Auf der heutigen Betriebsversammlung bei Ford in Saarlouis leitet der IG-Metall-Betriebsrat unter Vorsitz von Markus Thal die Stilllegung des Werks ein, in dem einst über 7000 Beschäftigte arbeiteten.
Die Schließung beinhaltet wichtige Lehren für die Arbeiterklasse über Ford und die Autoindustrie hinaus. Arbeitsplätze und Löhne können nur verteidigt werden, wenn die Belegschaften sich mit ihren Kolleginnen und Kollegen in anderen Betrieben und Konzernen verbünden – in unabhängigen Aktionskomitees und gegen die IG Metall.
Die Gewerkschaft und ihre Betriebsräte sind diejenigen, die die Werksschließungen und Massenentlassungen durchsetzen – mit Frühverrentung, Altersteilzeit- und Abfindungsregelungen oder Transfergesellschaften.
Diese Regelungen waren auch Bestandteil des Sozialtarifvertrags, den die IG Metall im Februar den zu der Zeit noch 3750 saarländischen Ford-Beschäftigten zur Absegnung vorgelegt hatte. Inzwischen haben rund 2700 Arbeiterinnen und Arbeiter zumindest Vorverträge unterschrieben, die regeln, unter welchen Konditionen sie das Werk endgültig verlassen. Vernichtet sind dann auch die 1800 Arbeitsplätze der insgesamt elf Betriebe im Ford-Zulieferpark.

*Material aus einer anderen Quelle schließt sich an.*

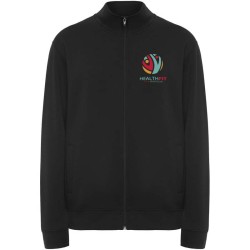 Ulan unisex celorozepínací svetr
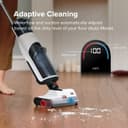 ممسحة مكنسة شفط الماء جاف ورطب كهربائية روبوروك (مستعمل) Roborock Dyad U10 Floor Scrubbers (Used)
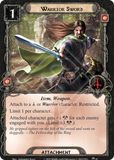 Warrior Sword
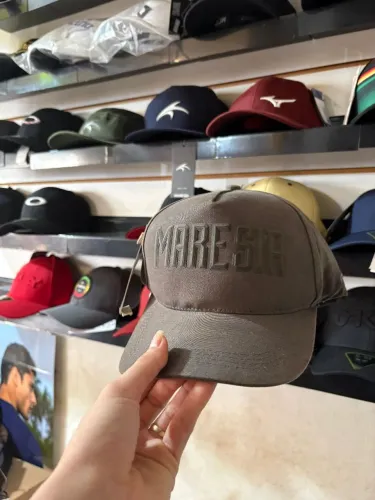 Boné masculino original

Ab Ende 2025 sollen dann nur noch 1000 Beschäftigte bei Ford selbst übrigbleiben. Auf diese 1000 Arbeitsplätze haben sich 1050 Arbeiter beworben. Was mit dem Überhang von 50 Kolleginnen und Kollegen passiert, ist offen.
Ford hat angekündigt diese 1000 Arbeitsplätze bis 2032 zu finanzieren. Doch wie weit diese Verpflichtung eingehalten wird, ist unklar. Denn die ganze Zukunft von Ford in Europa steht in Frage.
Zunächst soll die Kunststofffertigung für andere Ford-Werke weitergeführt werden. Als einziges Ford-Werk weltweit gibt es in Saarlouis eine Stoßfängerfertigung (Spritzguss) und eine Boron-Fertigung (Warmpressen).
Das geschrumpfte Werk wird 2032, womöglich auch schon früher, endgültig geschlossen. Denn der Pharmakonzern Vetter wird 2026 mit dem Aufbau einer Produktionsstätte auf dem jetzigen Ford-Werksgelände beginnen, die 2030 bis zu 2000 Beschäftigte umfassen soll. Es kann daher durchaus sein, dass Ford sich auch schon vor 2032 endgültig aus dem Saarland zurückzieht.
Dennoch wird heute Betriebsratschef Thal verkünden, dass alle „Kolleginnen und Kollegen eine Zukunft haben“. Das ist eine von Thals vielen Lügen. In Wirklichkeit haben er und die IG Metall die Zukunft von vielen Tausenden Fordarbeitern und ihren Familien zerstört.
Angesichts der Erfahrungen der letzten fünf, insbesondere der letzten zwei bis drei Jahre, ist es Zeit, Bilanz und die notwendigen Schlussfolgerungen zu ziehen.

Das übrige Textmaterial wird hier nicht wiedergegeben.